More than two dozen law enforcement agencies, including staff from the FBI, Secret Service, the U.S. Park Police, U.S. Capitol Police and D.C.’s Metropolitan Police Department, will occupy the 42,000 square-foot space. 

Homeland Security Secretary Alejandro Mayorkas said the Emergency Operation Center will enable DHS to “work seamlessly with our key partners.”

It is not the first time the United States’ capital region has attempted to eliminate obstacles in information sharing by putting all the law enforcement bodies that protect it under one roof. 

A previous iteration, known as D.C.’s “fusion center,” shared open sourced data in December 2020 with DHS and D.C.’s Metropolitan Police Department about threats to the region on Jan. 6, 2021, according to a Government Accountability Office report. 

Chris Rodriguez, director of the Homeland Security and Emergency Management Agency for the District of Columbia, said the new space is larger, allowing for more federal law enforcement officers to be permanently stationed there and it is better equipped for real-time intelligence sharing. 

Screens covering the walls of the new facility will show surveillance cameras around the city as well as social media accounts that may be monitored for threatening speech, a spokeswoman for D.C.'s Homeland Security and Emergency Management Agency said. 

“If someone’s seeing something on one of the DDOT cameras, they can turn to an intel analyst and say, ‘We have something going on,’” Rodriguez said. 

Rodriguez said one of the challenges of Jan. 6, 2021, was that there was no coordinated response to tell members of outside police departments where to go when they arrived to help in D.C. 

“If we’re getting calls from the New Jersey State Police, which we did, and they’re on their way down I-95, ‘Where are they going?
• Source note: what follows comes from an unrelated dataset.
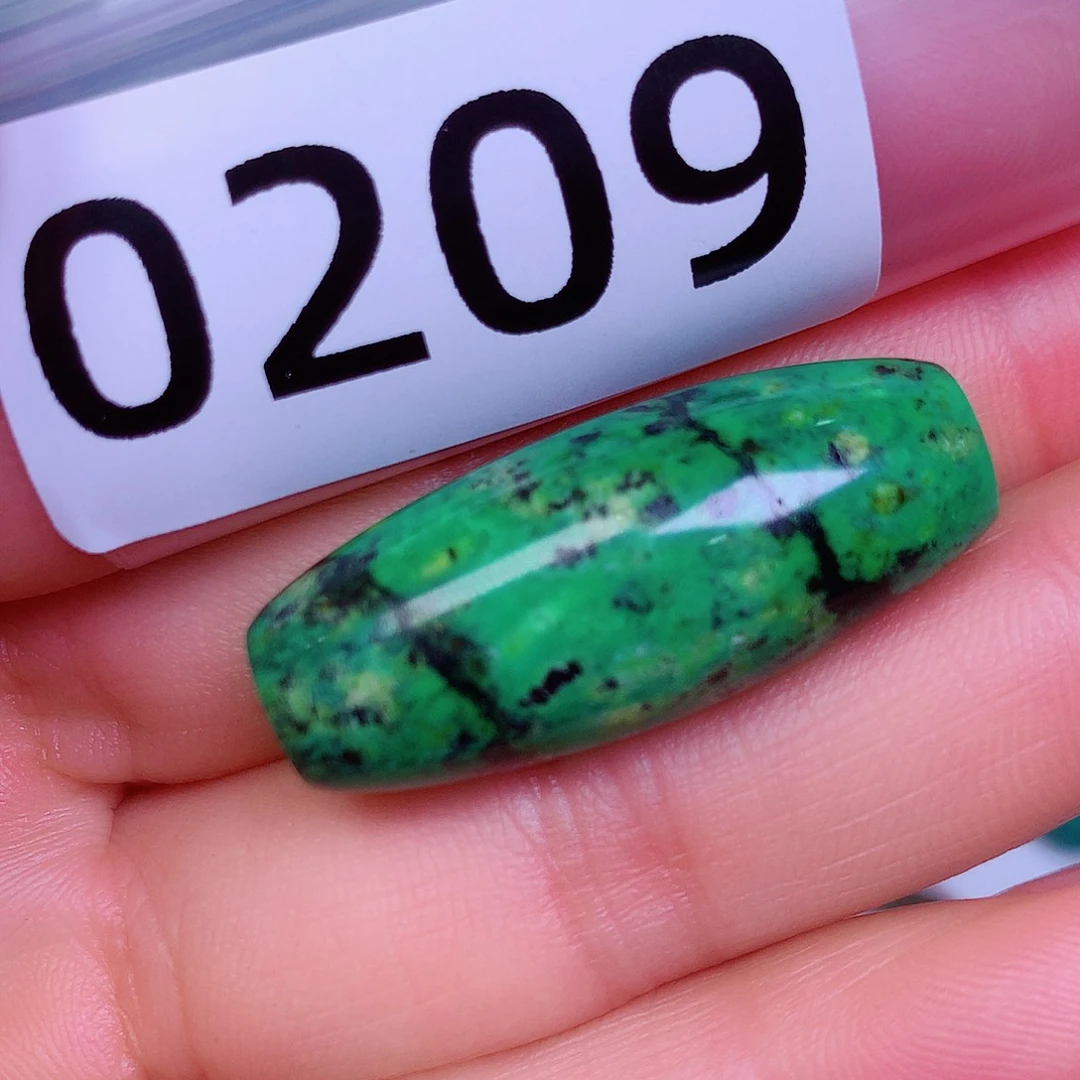 空竹粉丝专享十堰特色散珠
Who are they reporting to?’ We didn’t have some of those granular answers because we didn’t have the right people in (the building) and we didn’t have access to any of the data,” Rodriguez said. 

Personnel from the White House’s National Security Office and the D.C. National Guard have also been invited to participate in the new center, Rodriguez said. 

Limits in the D.C. mayor’s authority to call on the National Guard were laid bare on Jan. 6, as Bowser tried to request help six times that day but was rebuffed by the House sergeant-at-arms, according to congressional testimony from former U.S. Capitol Police Chief Steven Sund, who resigned after the attack. 

The House Select Committee investigating the Jan. 6 attack laid most of its blame on former President Donald Trump for encouraging an angry mob to attack the Capitol and fueling conspiracy theories that the election was rigged and that he was the rightful winner of the 2020 presidential election. 

Former federal prosecutor Tim Heaphy, the committee’s chief investigative counsel, previously told NBC News that while Trump was the “proximate cause” of what transpired on Jan. 6, “law enforcement had a very direct role in contributing to the security failures that led to that violence.”

The new Emergency Operations Center is expected to be fully staffed in time for the Fourth of July.